Required work. Each line from the one that holds "Preparation of Turkish" to the end of the entries is to be given again exactly. Do not include pictures.
Extracted records Start Marker
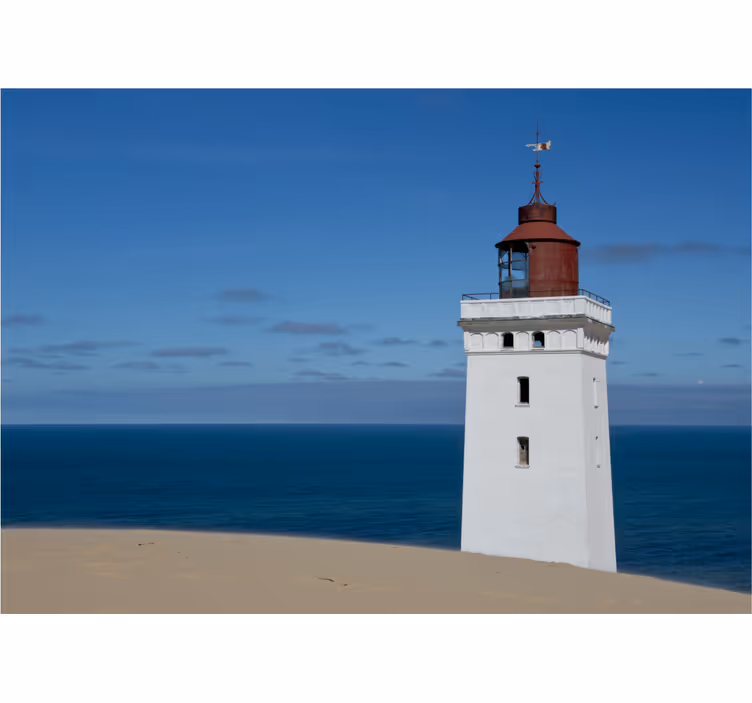 Fotobehang bergen vuurtoren bij de oceaan - TenStickers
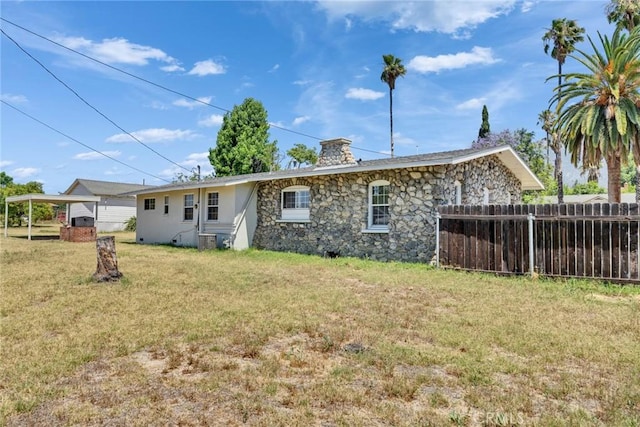 6910 Carnelian St, Rancho Cucamonga, CA 91701 - rear view of property featuring stone siding and a chimney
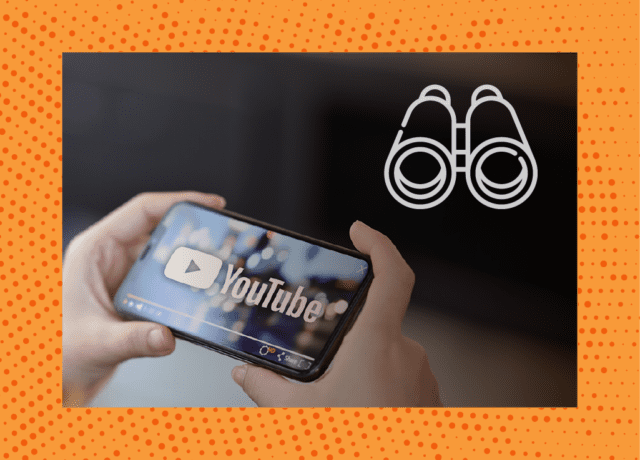 Two hands hold a smartphone with YouTube on it. Binoculars are in the upper right corner of the image.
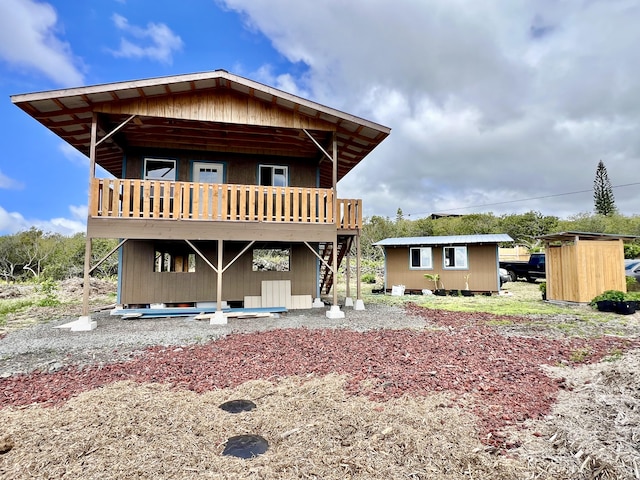 94-6479 Puukani Rd, Naalehu, HI 96772 - rear view of property featuring stairs and a deck
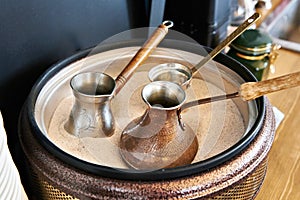 Preparation of Turkish coffee in cezve in sand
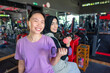 © Leo Lintang - Chinese east asian and arab middle eastern muslim woman working out while lifting a dumbbell at the gym. Fitness exercise and healthy lifestyle concept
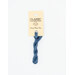 A skein of medium blue embroidery floss, twisted and bundled, with a cream and black label featuring the brand name and color information.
Extracted records End Marker
Written response.
 Preparation of Turkish coffee in cezve in sand
 © Leo Lintang - Chinese east asian and arab middle eastern muslim woman working out while lifting a dumbbell at the gym. Fitness exercise and healthy lifestyle concept
 A skein of medium blue embroidery floss, twisted and bundled, with a cream and black label featuring the brand name and color information.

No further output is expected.